More specifically, seeking to a known location in the uncompressed data. So not just seeking to “the nearest record boundary”, but seeking to “position 100000000 in the uncompressed data”. I can see that if the writer kept track of this information on the side it would be available; my question is more about the standard formats (e.g. LZO compression in SequenceFile) supporting this without additional work.
From: Rahul Bhattacharjee [mailto:[EMAIL PROTECTED]]

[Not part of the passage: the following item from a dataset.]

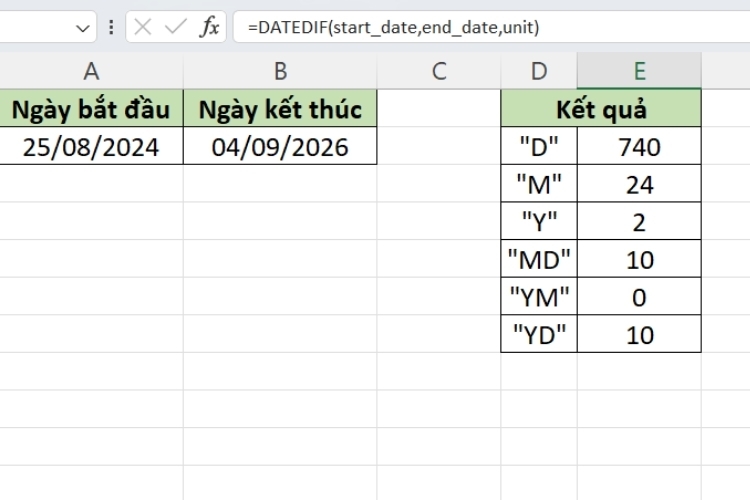 Hàm DATEDIF trong Excel (1)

Sent: Friday, May 24, 2013 1:00 AM
To: [EMAIL PROTECTED]
Subject: Re: splittable vs seekable compressed formats
Yeah , I think John meant seeking to record boundaries.
On Fri, May 24, 2013 at 12:22 PM, Harsh J <[EMAIL PROTECTED]<mailto:[EMAIL PROTECTED]>> wrote:
SequenceFiles should be seekable provided you know/manage their sync
points during writes I think. With LZO this may be non-trivial.
On Thu, May 23, 2013 at 11:01 PM, John Lilley <[EMAIL PROTECTED]<mailto:[EMAIL PROTECTED]>> wrote:
> I’ve read about splittable compressed formats in Hadoop. Are any of these
> formats also “seekable” (in other words, be able to seek to an absolute
> location in the uncompressed data).